Comme on sait, ce projet n’a pas vu le jour. Outre la résistance d’un possible « lobby des mathématiques», on peut imaginer la victoire d’une forme de bon sens. Déjà, à l’apparition de l’électricité, certains avaient plaidé pour la généralisation de l’enseignement du courant électrique à l’école.
Le nouveau projet de codage à l’école, annoncé ces temps-ci, pourrait prendre une autre dimension dans le contexte de l’échec scolaire massif des jeunes. Ce projet prendrait du sens car l’économie a et aura effectivement un grand besoin de codeurs.
Il faut savoir en effet que la réussite dans l’apprentissage du codage n’est pas corrélée avec la performance scolaire. En clair, les « mauvais » élèves ont tous leur chance dans ce domaine. La programmation informatique relève autant de l’esprit logique que d’une forme d’imagination, de capacité à inventer qu’on a ou qu’on n’a pas. Cela signifie donc pour les élèves en voie d’exclusion une possible deuxième chance, une possibilité d‘échapper à l’exclusion et à la marginalisation.

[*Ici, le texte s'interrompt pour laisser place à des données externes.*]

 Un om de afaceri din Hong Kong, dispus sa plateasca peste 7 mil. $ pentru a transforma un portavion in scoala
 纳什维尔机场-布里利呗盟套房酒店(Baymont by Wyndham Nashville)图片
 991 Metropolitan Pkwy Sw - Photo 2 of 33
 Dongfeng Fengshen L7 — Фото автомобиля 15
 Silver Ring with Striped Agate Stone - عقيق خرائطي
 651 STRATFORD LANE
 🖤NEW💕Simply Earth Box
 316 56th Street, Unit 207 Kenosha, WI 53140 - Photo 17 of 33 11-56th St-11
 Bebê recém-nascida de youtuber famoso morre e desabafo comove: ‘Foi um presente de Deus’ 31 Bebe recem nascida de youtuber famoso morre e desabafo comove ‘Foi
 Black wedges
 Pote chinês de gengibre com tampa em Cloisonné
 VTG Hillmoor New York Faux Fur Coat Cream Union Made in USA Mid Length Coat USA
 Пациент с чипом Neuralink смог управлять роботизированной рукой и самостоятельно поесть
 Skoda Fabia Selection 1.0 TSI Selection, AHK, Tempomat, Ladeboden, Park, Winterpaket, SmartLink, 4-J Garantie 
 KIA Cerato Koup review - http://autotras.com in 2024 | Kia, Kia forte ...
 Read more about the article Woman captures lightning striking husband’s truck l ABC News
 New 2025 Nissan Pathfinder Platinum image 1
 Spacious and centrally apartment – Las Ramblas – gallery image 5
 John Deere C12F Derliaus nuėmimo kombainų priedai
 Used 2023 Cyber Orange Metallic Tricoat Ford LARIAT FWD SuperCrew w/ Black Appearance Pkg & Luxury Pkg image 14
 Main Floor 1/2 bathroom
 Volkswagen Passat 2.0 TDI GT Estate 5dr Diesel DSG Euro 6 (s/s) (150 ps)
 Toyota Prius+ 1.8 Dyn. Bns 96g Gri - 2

Comment mettre en place un tel projet ? Il paraîtrait important de combiner l’enseignement du codage et de l’anglais. On donnerait ainsi à ces jeunes exclus des opportunités d’emploi étendues au-delà des frontières de l’Hexagone. En constituant des « paires » associant des professeurs d’anglais et des intervenants extérieurs compétents, on pourrait à peu de frais envisager la mise en place d’un dispositif efficace. Quant à ces « intervenants extérieurs, entre les actifs et les retraités du système français, les volontaires ne manqueraient certainement pas à l’appel. Et pour ce qui est du matériel, un portable associé à un rétroprojecteur pourrait suffire, dans une phase initiale du moins.
Tous les jeunes ou presque baignent dans la culture des séries américaines pas toujours sous-titrées et beaucoup possèdent un smartphone. Apprendre le langage des « applis » dans un environnement anglophone serait pour beaucoup une opportunité motivante. Et peut-être le déclic pour renouer le fil avec l’école.
Ce dispositif compléterait sans leur faire concurrence les initiatives privées concernant la formation des codeurs. On peut penser que les meilleurs éléments auraient un jour à choisir entre une possibilité d’emploi immédiat, en entreprise, pourquoi pas aussi dans leur propre école, ou la perspective d’une formation plus poussée, dans l’établissement de Mr Niel par exemple.
Utopie ? Peut-être pas. Le codage s’apprend vite. Une trentaine d’heures suffisent pour l’assimilation des bases. Si l’on ajoute autant pour la pratique, on arrive à un total de soixante heures pouvant être aisément réparties sur une année scolaire. Assez pour favoriser l’émergence de vraies passions.
L’histoire est faite de répétitions. Celle-ci pourrait donner aux exclus d’aujourd’hui l’espoir de meilleurs lendemains.